The stumpy form is a pre‐adaptation to the insect host and requires AMPKα1 activation 42. 5′‐AMP analog treatment leading to enhanced AMPKα1 activation in monomorphic cells resulted in SNF2PH downregulation. Whereas AMPKα1 activation promotes differentiation, reduced SNF2PH expression in stumpy forms observed in wild‐type pleomorphic trypanosomes during mice infection confirmed the biological relevance.

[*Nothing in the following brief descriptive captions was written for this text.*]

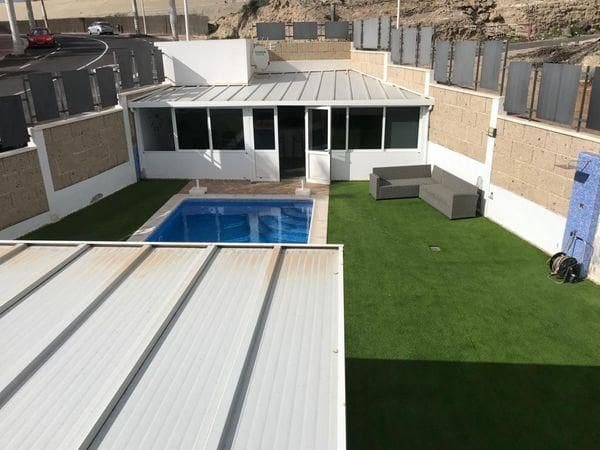 4 slaapkamer Villa te huur in Adeje met zwembad garage - € 4.300 (Ref: 9461808)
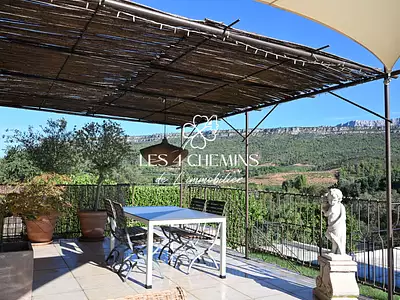 Maison, 220 m²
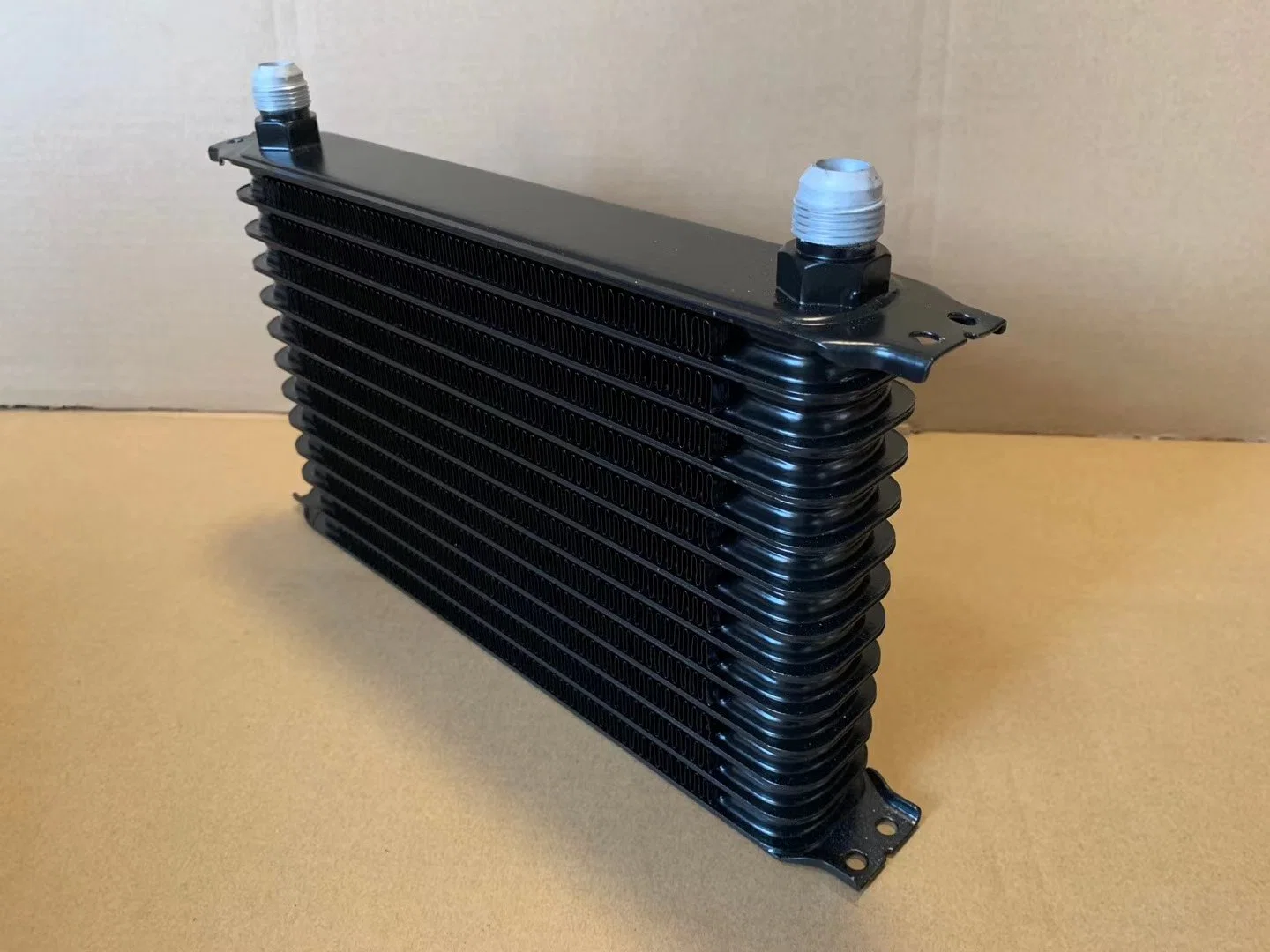 Wholesale/Supplier Car Cooling Parts Oil Cooler for Auto Car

This result rules out a possible SIF‐independent induction of differentiation by VSG‐ES transcription attenuation described previously 44.

Interestingly, SNF2PH is enriched at tRNAs clusters on several chromosomes (Fig 3C). tRNAs can act as insulators to prevent the spread of silencing in S. cerevisiae 45, 46 and in mammals to prevent enhancers from activating promoters 47, 48. We detected low colocalization of SNF2PH with GFP‐tagged active VSG‐ES (Fig 1D), and even lower association in 2K1N cells (G2) (Fig EV1A), which may suggest that the association of SNF2PH with the active VSG‐ES locus occurs preferentially in G1. Although such insulator function has not been described in trypanosomes, the presence of SNF2PH at tRNA loci during interphase, as some insulator proteins 49, suggests a tentative model where SNF2PH/tRNAs could act as a chromatin domains organizer to maintain bloodstream stage‐specific surface protein gene expression.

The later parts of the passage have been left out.